## WORK TO BE COMPLETED
Give back all of the data exactly. Leave nothing out.

## SUPPLIED MATERIAL

--- START ---

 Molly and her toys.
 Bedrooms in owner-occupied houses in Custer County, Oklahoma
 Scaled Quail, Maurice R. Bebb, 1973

--- END ---

## SOLUTION BELOW
 Molly and her toys.
 Bedrooms in owner-occupied houses in Custer County, Oklahoma
 Scaled Quail, Maurice R. Bebb, 1973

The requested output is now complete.